*** MATERIALS PROVIDED Section Begins ***

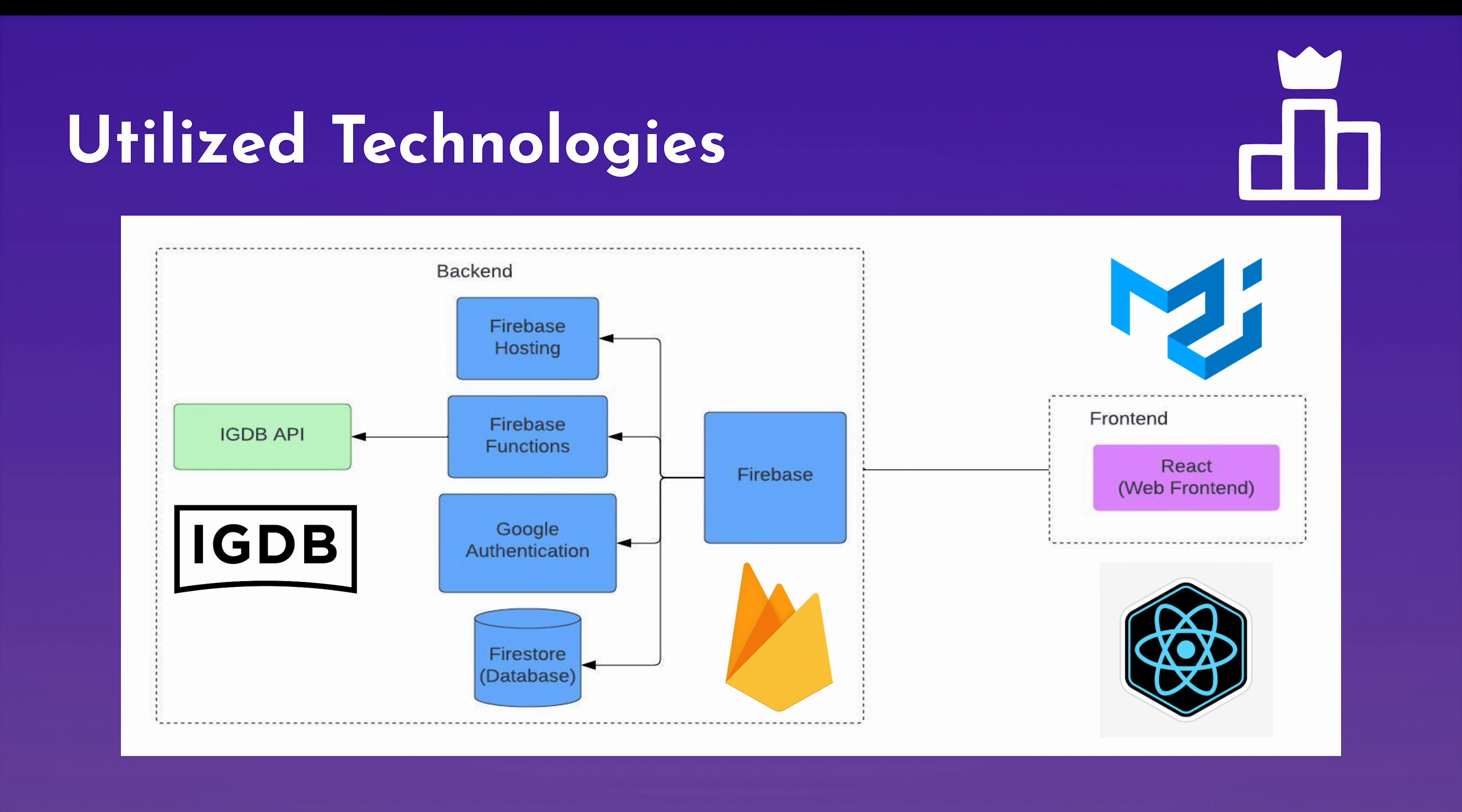And one of those functions is the IGDB API calls. So IGDB is an API maintained by Twitch that provides data for more than 100,000 games. And so whenever we pull that information, we just call one of our Firebase functions to retrieve that data, and we also cache that data. And that is our presentation of Leaderboard finished. We are very proud of what we've accomplished, and thank you for listening.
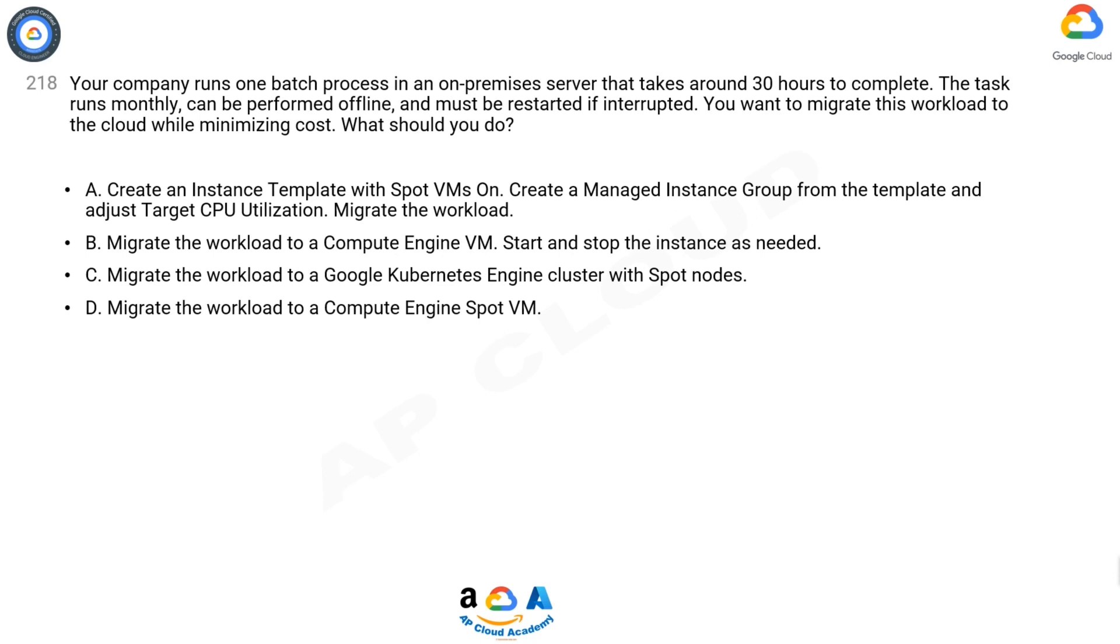B. Migrate the workload to a compute engine VM. Start and stop the instance as needed.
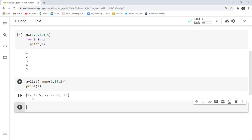Here you can see the list is printed with jumps of 2. The sequence starts with 1, jumps 2 to print 3, then 5, and so on. At 13, jumping 2 gives 15, but 15 is not included because it is the exclusive ending parameter. This is how range works in Python with for loops — we can use for i in range for printing sequences of iterations or any other numbers.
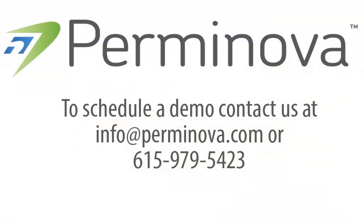To schedule a demo, contact us at info@permanova.com or call 615-979-5423.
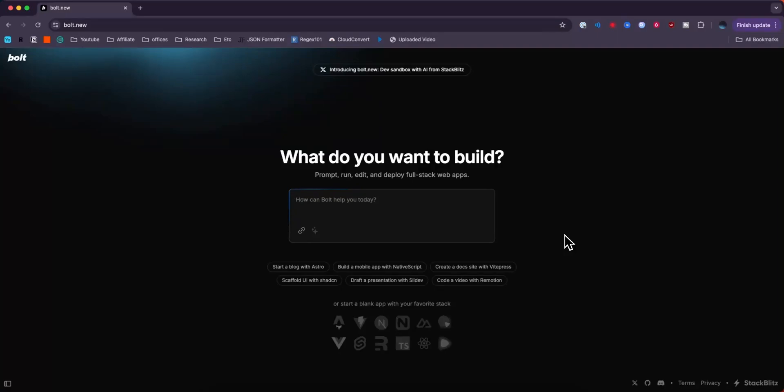In this video we'll go over how to upgrade your bolt.new subscription so that you have access to more tokens to run more prompts. First you want to open up bolt.new and if you're not already signed in, you're going to want to sign in.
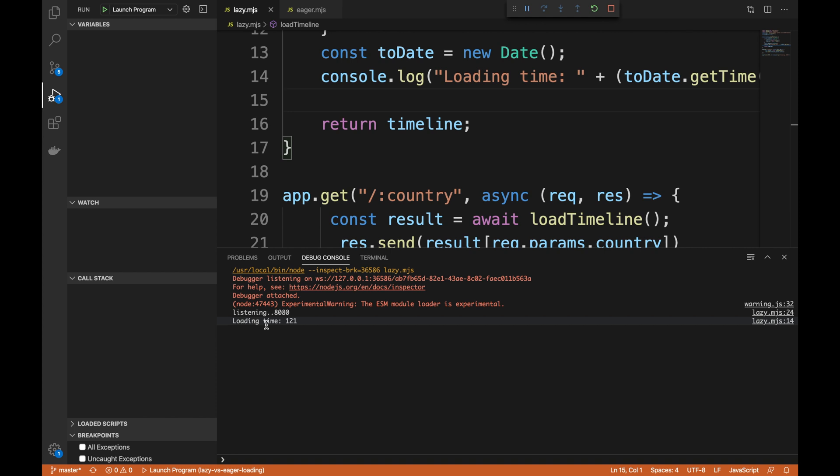You're gonna start up two or three or four versions and you're gonna have a lot of consumers. So in this case, you'd like to have the eager approach where you're gonna load as much data and take as much hit as you want in the start of the application.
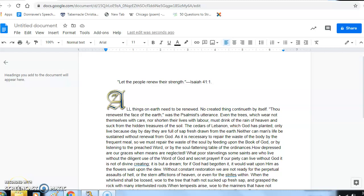Hi, so we're going to be looking at a phrase from Isaiah 41:1: 'Let the people renew their strength.' Spurgeon writes, 'All things on earth need to be renewed. No created thing continues by itself. Thou renewest the face of the earth,' with the psalmist uttering.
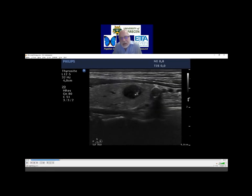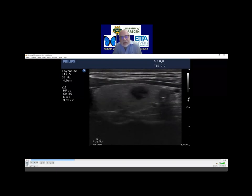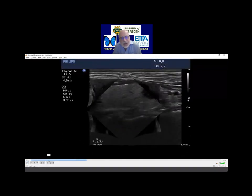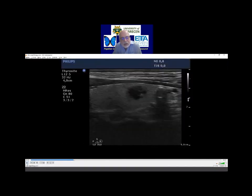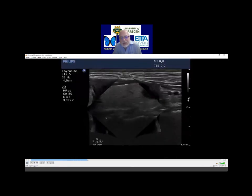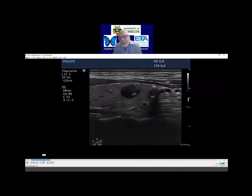We should consider in this case that this could be a microcalcification. Here and here we can see it, but not on this part of the nodule. This area also has some cystic component, so microcalcification should be considered. It proved to be a benign nodule and had no calcifications, but I think that is important.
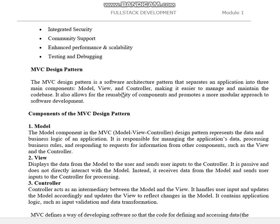MVC separates an application into three main components, making it easier to manage and maintain the code base. With MVC, we can easily write and maintain application programs. It also allows for the reusability of components and promotes a more modular approach to software development.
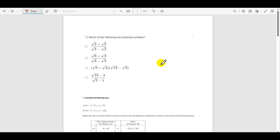Welcome to the IITM student community channel. Let's start with the solution of Week 1 graded assignment questions of Maths 1. The first question asks which of the following are irrational numbers, so we have to check option by option.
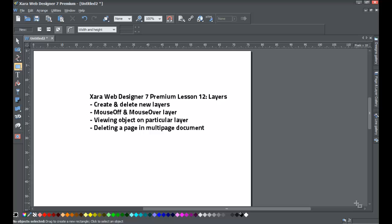Welcome to XIRA template tutorial lesson number 12. In this XIRA web designer 7 premium tutorial we'll cover how to create and delete layers, the mouse off layer, the mouse over layer, how to see what objects are on a particular layer, and how to delete a web page within your multi-page web document.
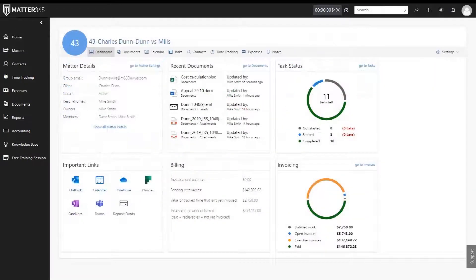In our app, you'll only need to create a new Matter, and we'll do the work in the background to equip you with the tools you need during the Matter's lifecycle.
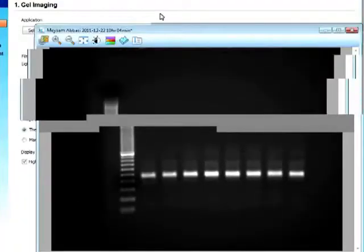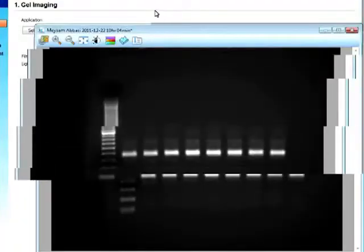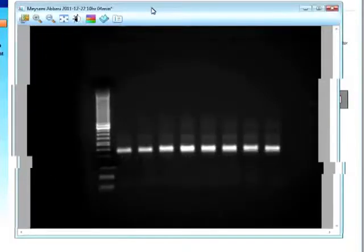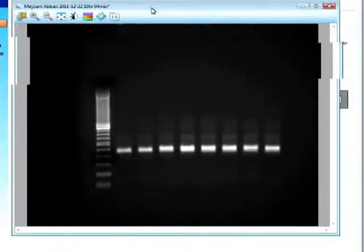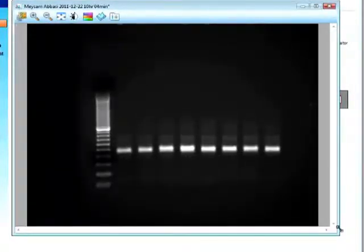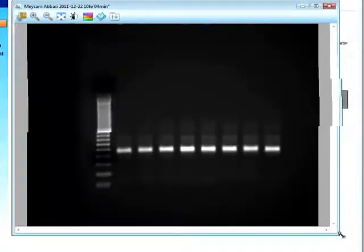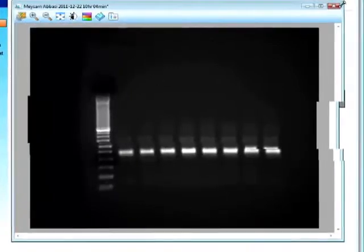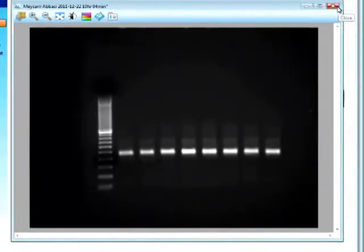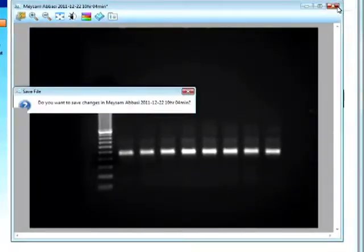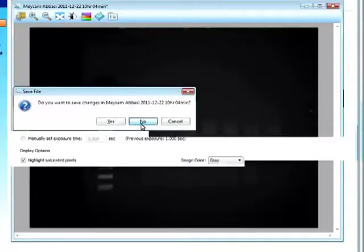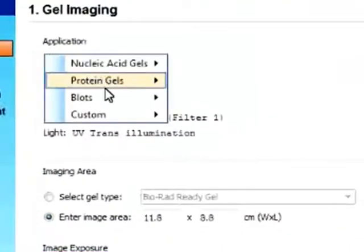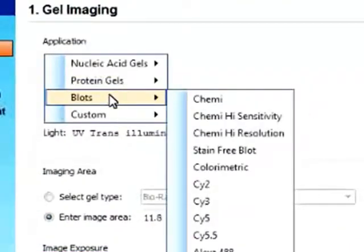And then run the protocol. And there we have our image. And this is how easy it is to acquire an image of a nucleic acid gel with our ImageLab 4.0 software.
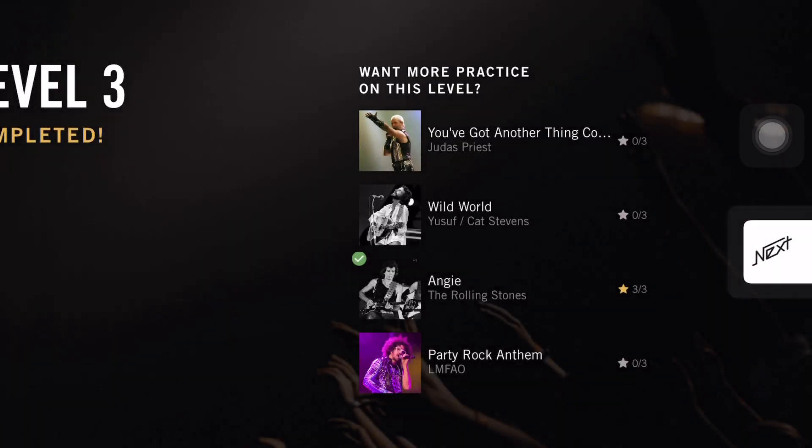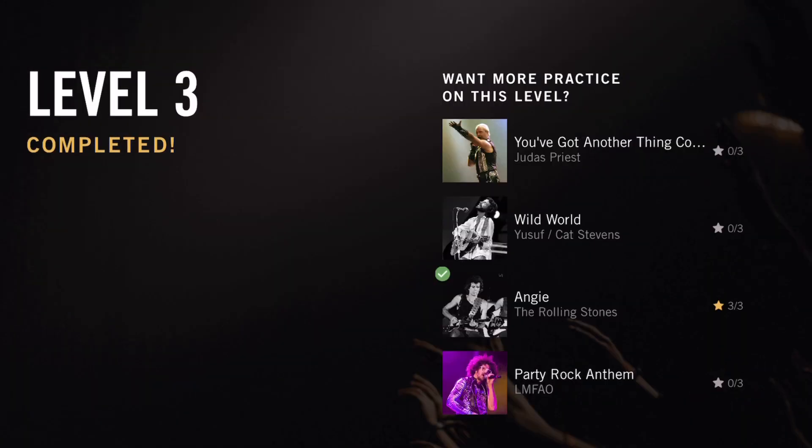Well done! You've completed this level. If you want to further develop and master these skills, you should play more of the songs in this level and try to get at least two stars in each lesson. However, if you feel ready, you can click next to advance to the next level.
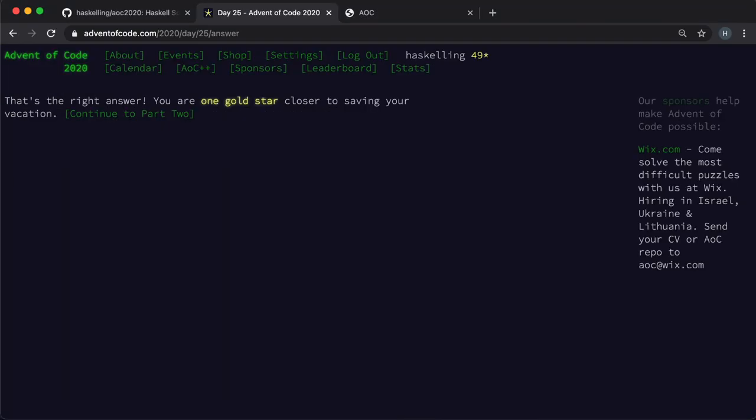And we've completed the Advent of Code 2020. I really hope you enjoyed watching this series as much as I enjoyed making it. Thank you so much to Topaz and the whole Advent of Code team for making such great puzzles again this year.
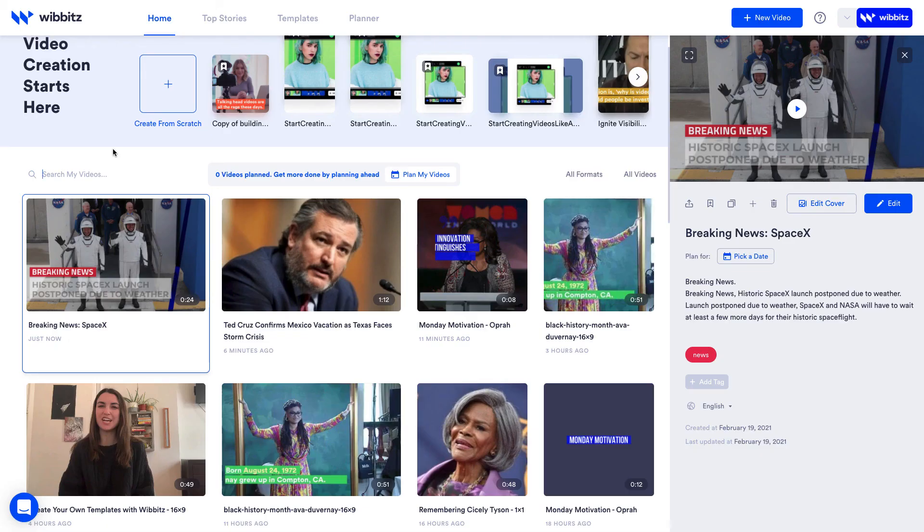And look at that, three videos in just six minutes. Now it's your turn, feel free to start creating.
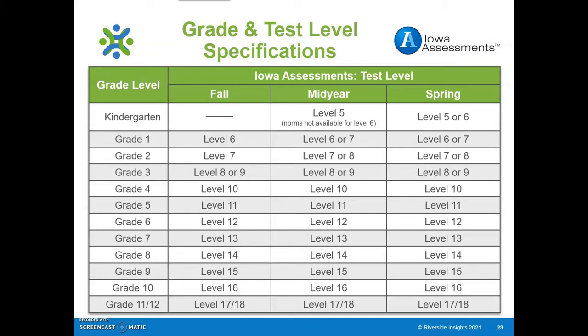Whether it be individually with a student or where a group or an entire class needs direct instruction. Many schools and districts also administer the Iowa Assessments near the end of the school year as a summative assessment to identify the student learning that took place throughout the year on the standards in each tested area.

*** MATERIALS PROVIDED Section Ends ***

_EXERCISE GOAL_: Look above for the line with "MVC separates an", then give again exactly every line from there through the line with "Welcome to the", skipping the pictures.

_RESPONSE_:
MVC separates an application into three main components, making it easier to manage and maintain the code base. With MVC, we can easily write and maintain application programs. It also allows for the reusability of components and promotes a more modular approach to software development.
Welcome to the IITM student community channel. Let's start with the solution of Week 1 graded assignment questions of Maths 1. The first question asks which of the following are irrational numbers, so we have to check option by option.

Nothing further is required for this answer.